P-C: Have there been audience reactions that, in the moment, made you react in what you were doing or that surprised you?
Will: Yeah, absolutely. At the end of the play, I was sitting at a table next to a woman who kept repeating the words, “Oh my God. Oh, God” under her breath. It was really thrilling to be that close to somebody as they were having that experience.

On the flip side of that, at the very, very end of the show, the cast is certainly going through a lot of emotional turmoil and sometimes you look out at the audience, and they’re having a rip-roaring good time. They seem to be celebrating the murder of a person that they’ve just witnessed on stage. So having them clapping along and stamping their feet is a pretty jarring and horrifying experience for us on stage–which is cool because that is not an experience you get to have very often as an actor in the theater.

P-C: Is there a scene that you look forward to performing each day because you know the audience is going to react–particularly since people may be expecting the more traditional version of the show and be surprised with some of the choices in this reimagined version?
Will: There are a few of those that I really look forward to. There’s a very weird scene between Ali Hakim and Jud that’s a really sort of uncomfortable moment between two very questionable characters. They’re two characters that the audience is alternately asked to revile and feel badly for as two outsiders–or feel that they’re getting their comeuppance. It’s very unclear. That scene is so fun because those two characters are so unaware of each other’s emotional states and that makes the scene feel dangerous. You can kind of hear the audience’s discomfort with it which I really enjoy.

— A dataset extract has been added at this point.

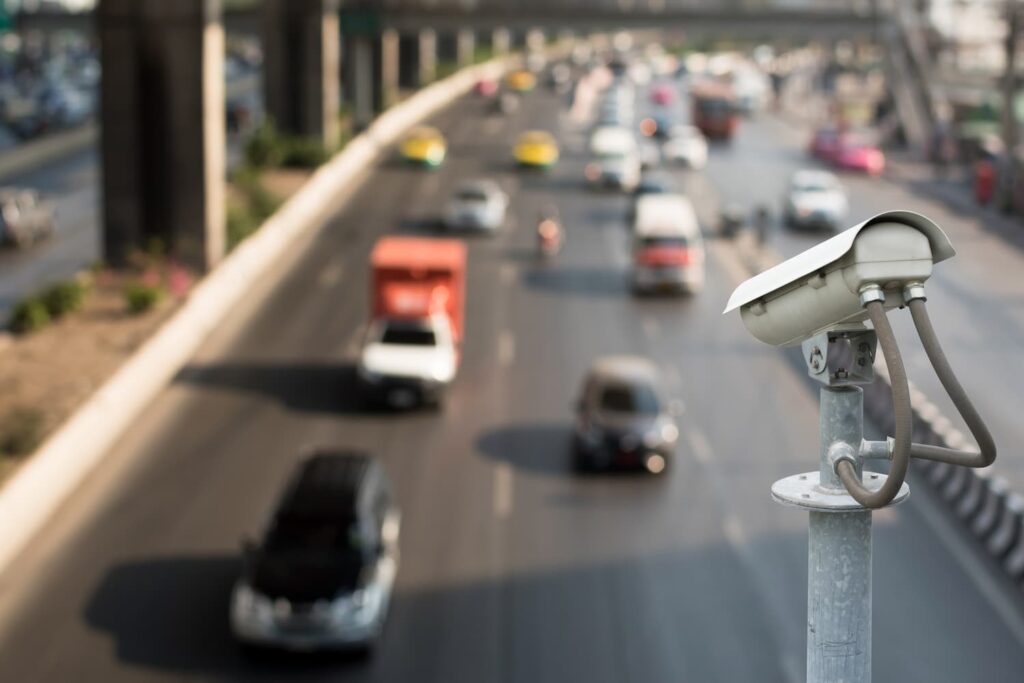 Road Traffic Surveillance Camera View Traffic surveillance camera monitoring vehicles on a busy road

P-C: On a lighter note, is there another classic musical that you’d like to see get reimagined in this way that feels very fresh and timely, what would you pick?
Will: Oh gosh. That’s a really good question. To tell you the truth, I don’t feel equipped to answer it. Being in a musical at all is a real M. Night Shyamalan twist in my career. I’ve been embedded in a lot of TV lately and Indie films so to be in a musical on Broadway is, like, pretty jarring for me. [It’s] something I thought I had left in my past. Although there are a lot of musicals that I really love and that I would someday love to be a part of…as far as reimagining, I’m not sure. That would be a good question for Daniel Fish.

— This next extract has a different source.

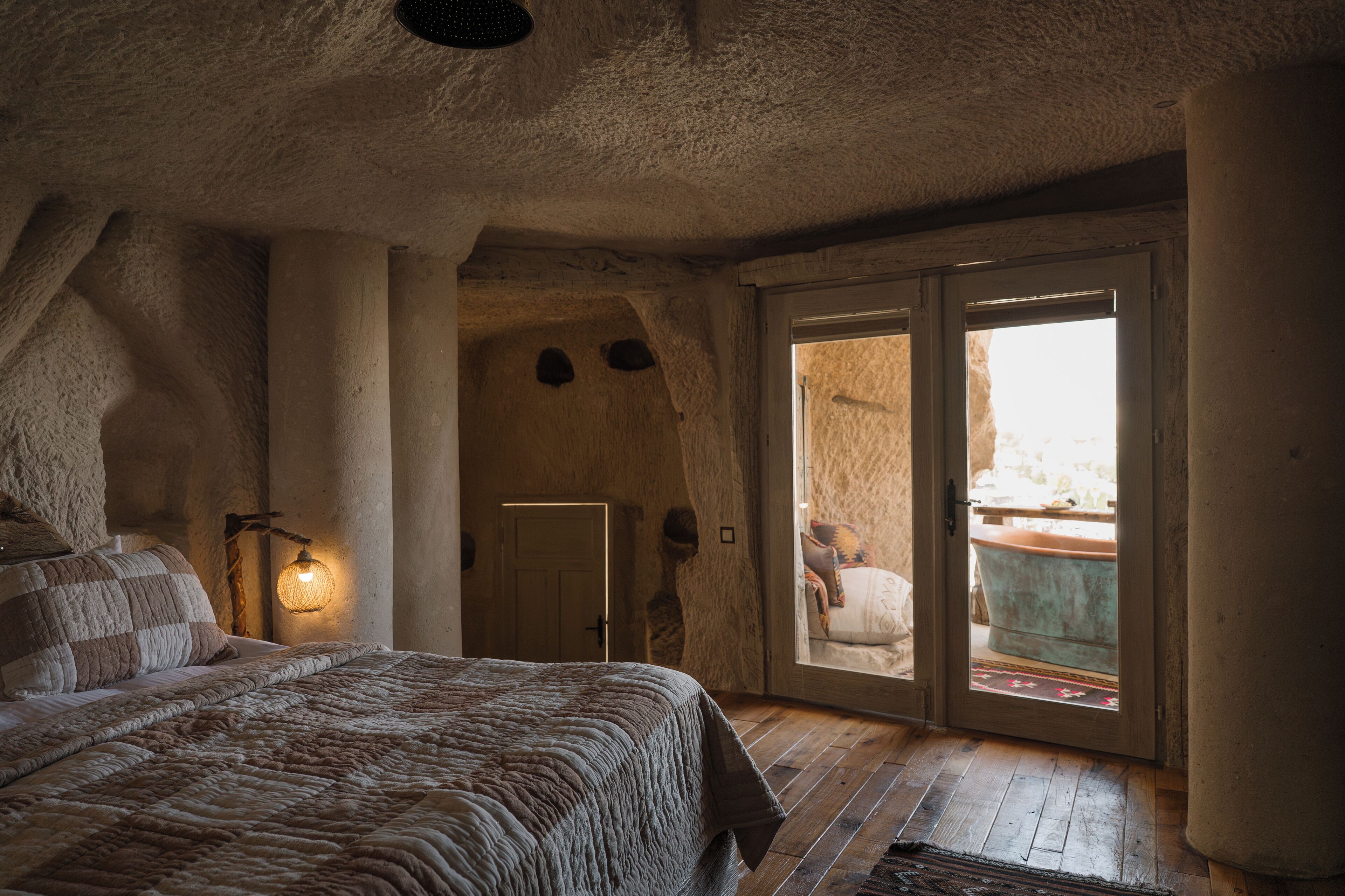 Un dormitorio rústico con una cama grande, una pared de piedra y vistas a través de un ventanal.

P-C: Beyond Broadway, as you mentioned, you’ve worked on some popular TV series. Those series span genres and time periods. So, looking ahead in your career, is there something that you’d still like to do?
Will: There’s a million tropes or worlds that I would love to find myself in. I would love to play a cowboy, or a superhero, or a super-villain, or an eternal, or an alien. There’s a million of those kinds of worlds.

At the end of the day, what I really love about theater and storytelling and TV and film is being able to explore more about the human condition and unlock my own and other people’s empathy. I think that there is a lot of room for storytelling that does that. Any sort of character that really dives deep into exploring a person with the intention of helping people better see themselves or [others] around them is a dream.

P-C: Obviously with TV series, you can develop your character over time whereas in theater you perform the same moment in a character’s story every night. Do you find that more challenging?
Will: I actually find it more rewarding. I think there’s different schools of thought on this, but I personally am more ready to be moved when I am in a room with other people. I find the challenge much more bracing to be performing in a room with other people, encouraging them to see what is happening on stage, and to also really distill a performance so that it can be more easily read. Getting the opportunity to do that 350 times is a really exciting challenge to me.

With TV and film, I find it difficult to find those moments within several takes that will then be preserved forever. The catch of that is that I do think some people feel more open and vulnerable to being changed in the privacy of their own home, or in the darkness of a movie theater where the people that they’re watching can’t turn, look into their eyes, and see what they’re feeling. I see and applaud the transformative power of cinema and television, but I personally feel it more palpably in the theater.